The first score statistic is as follows:

\(\hat {V}_{H_{0},\beta }=\frac {\partial LL_{1}}{\partial \beta } = \sum \limits _{i=1}^{n}G_{1_{i}}\left \{Z_{i}-\pi _{0} \right \}\)

with \(\pi _{0}=\frac {e^{\theta }}{1+e^{\theta }}\) the probability of being a pre-immune under the null hypothesis H0.

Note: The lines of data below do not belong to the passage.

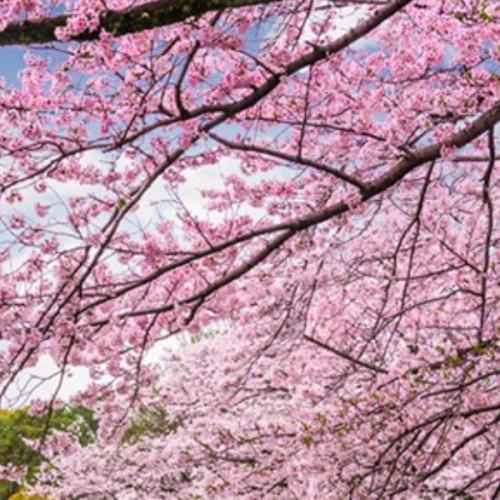 สมาชิกหมายเลข 2382251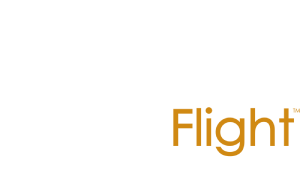 Eagleflight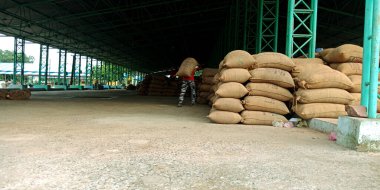 DISTRICT KATNI, INDIA - 04 Ağustos 2019: Hindistan köyü çiftçisi Hindistan 'ın gıda şirketinde tarım galla mandi' de çalışıyor.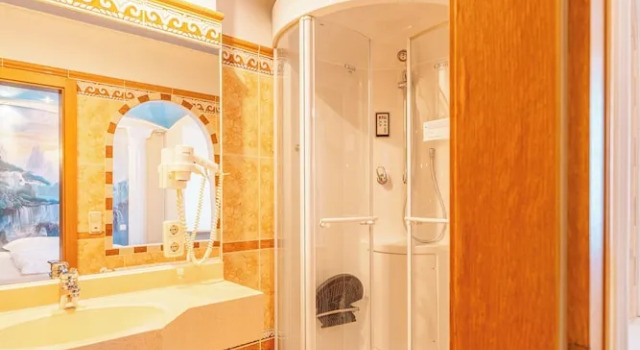 Superior Single quarto Hotel Plankl
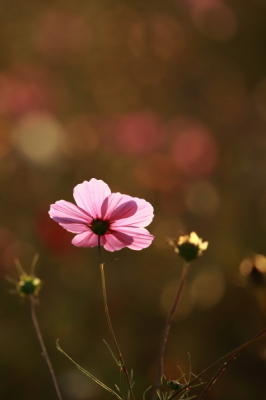 （写真）コスモスの花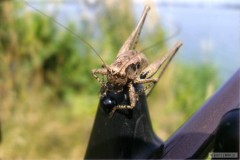 Kliknutím fotografii zvětšíte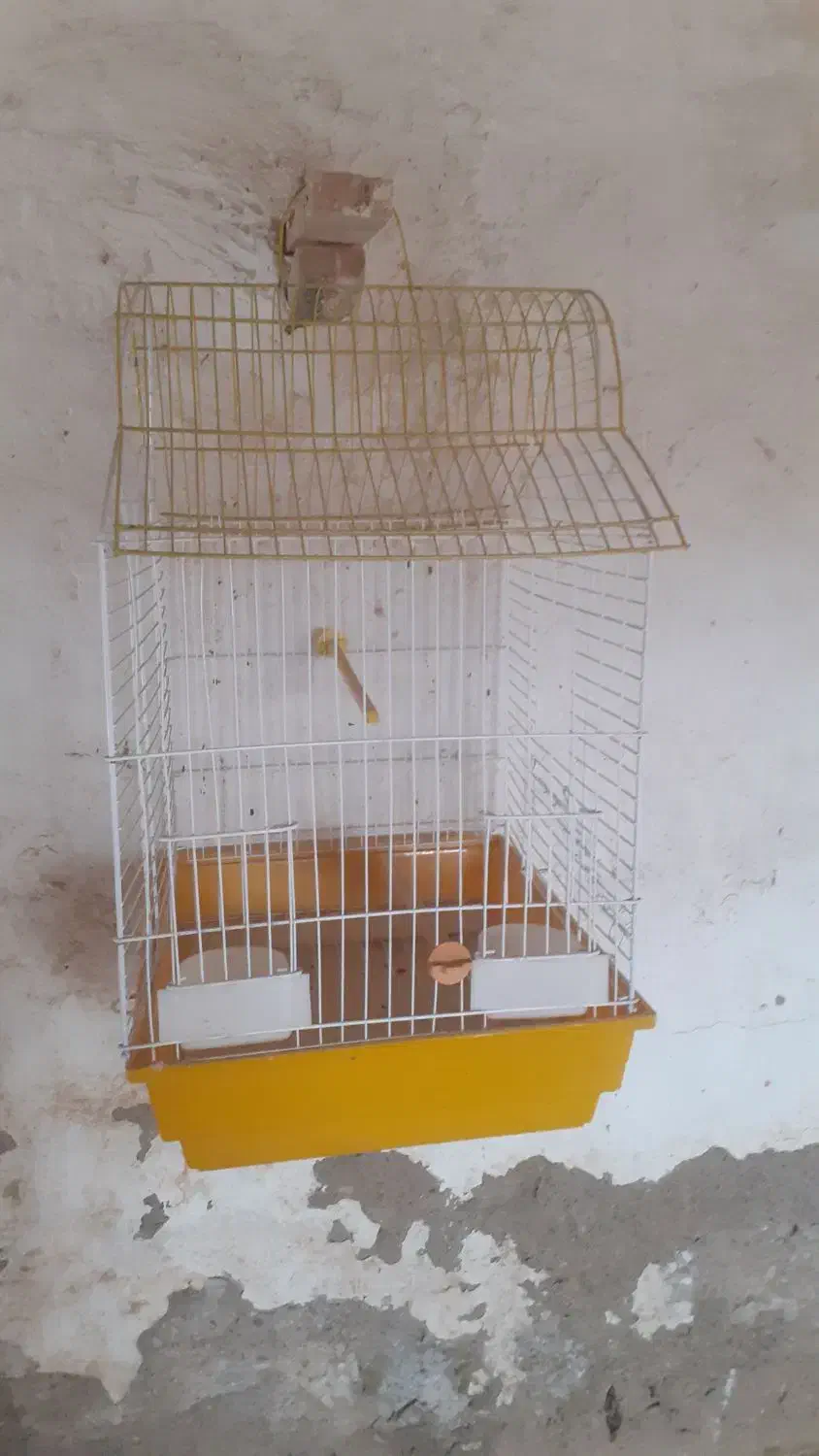 مجسمه|مجسمه، تندیس، ماکت|زابل, |دیوار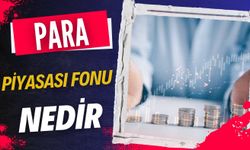 Para Piyasası Fonu Nedir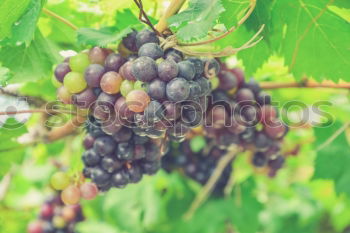Similar – Image, Stock Photo grape in the field Fruit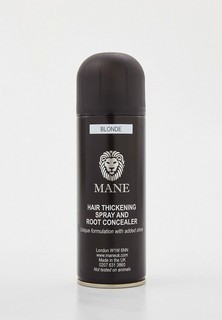Консилер Mane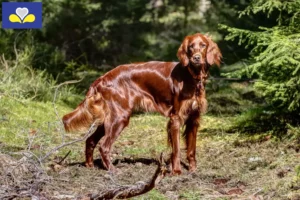 Lire la suite à propos de l’article Éleveurs de setter rouge irlandais et chiots en Région de Bruxelles-Capitale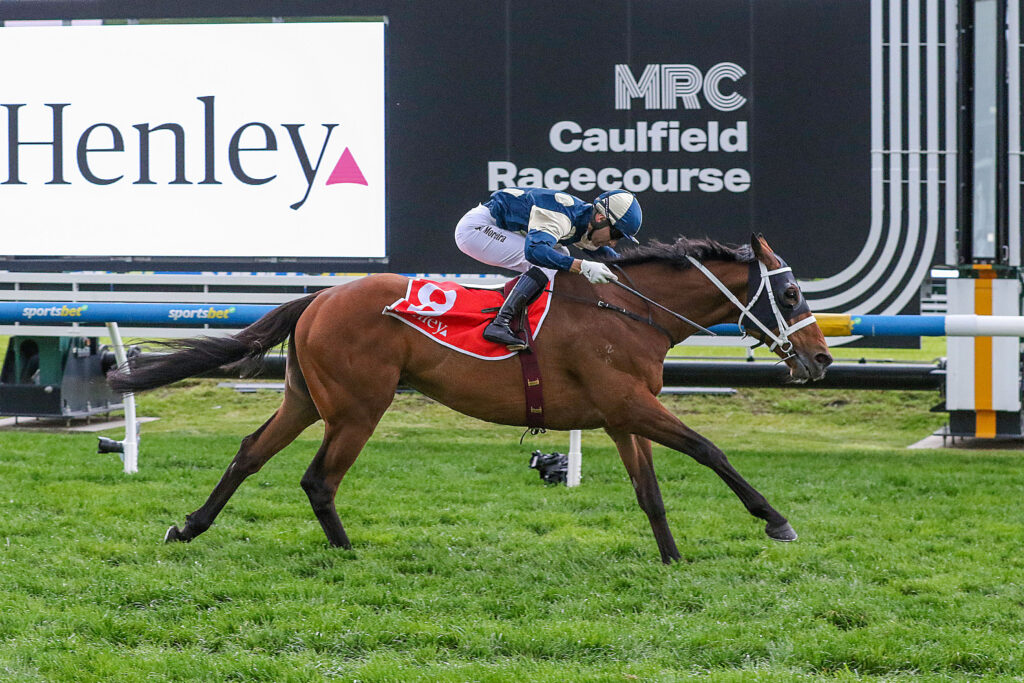 2024 Melbourne Cup odds get a shakeup with favourite out of field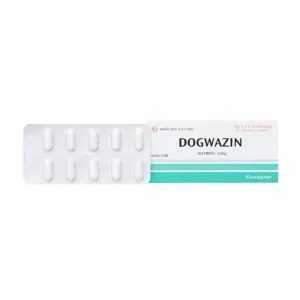 Dogwazin 50mg Thành Nam 3 vỉ x 10 viên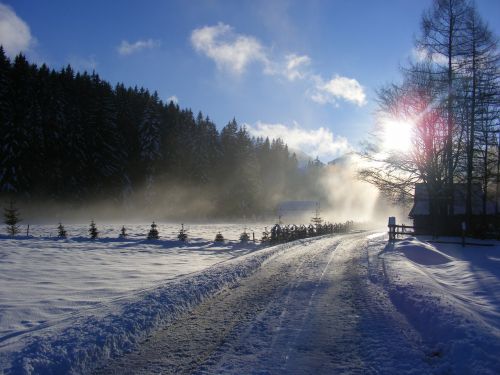 Žiema, Tatry, Lenkija, Chochołowska Slėnis, Kalnai, Žiemos Tatuiruotės Kalnai, Sniegas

The components of the second score statistic are such as:

$$\begin{array}{@{}rcl@{}} \hat{U}_{H_{0},\alpha_{1}}=\frac{\partial LPL_{2}}{\partial \alpha_{1}} &=&\sum\limits_{i=1}^{n}\delta_{i}W_{1}(t)\left\{ G_{1_{i}}- \frac{\sum\limits_{k=1}^{n}Y_{k}\left(t_{i}\right) G_{1_{k}}}{ \sum\limits_{k=1}^{n}Y_{k}\left(t_{i}\right) }\right\} \\ \hat{U}_{H_{0},\alpha_{2}}=\frac{\partial LPL_{2}}{\partial \alpha_{2}} &=&\sum\limits_{i=1}^{n}\delta_{i}W_{1}(t)\left\{ G_{2_{i}}- \frac{\sum\limits_{k=1}^{n}Y_{k}\left(t_{i}\right) G_{2_{k}}}{ \sum\limits_{k=1}^{n}Y_{k}\left((t_{i}\right) }\right\} \\ \hat{U}_{H_{0},\gamma_{1}}=\frac{\partial LPL_{2}}{\partial \gamma_{1}} &=&\sum\limits_{i=1}^{n}\delta_{i}W_{2}(t)\left\{ G_{1_{i}}-\frac{ \sum\limits_{k=1}^{n}Y_{k}\left(t_{i}\right) G_{1_{k}}}{\sum \limits_{k=1}^{n}Y_{k}\left(t_{i}\right) }\right\} \\ \hat{U}_{H_{0},\gamma_{2}}=\frac{\partial LPL_{2}}{\partial \gamma_{2}} &=&\sum\limits_{i=1}^{n}\delta_{i}W_{2}(t)\left\{ G_{2_{i}}-\frac{ \sum\limits_{k=1}^{n}Y_{k}\left(t_{i}\right) G_{2_{k}}}{\sum \limits_{k=1}^{n}Y_{k}\left(t_{i}\right) }\right\} \end{array} $$

where \(\phantom {\dot {i}\!}W_{1}(t)=1-2\big (\frac {\Lambda (t)}{\omega }\big)\) and \(\phantom {\dot {i}\!}W_{2}(t)=1-\big (\frac {\Lambda (t)}{\omega }\big)\) with Λ(t) as the bounded cumulative hazard function under the null hypothesis H0.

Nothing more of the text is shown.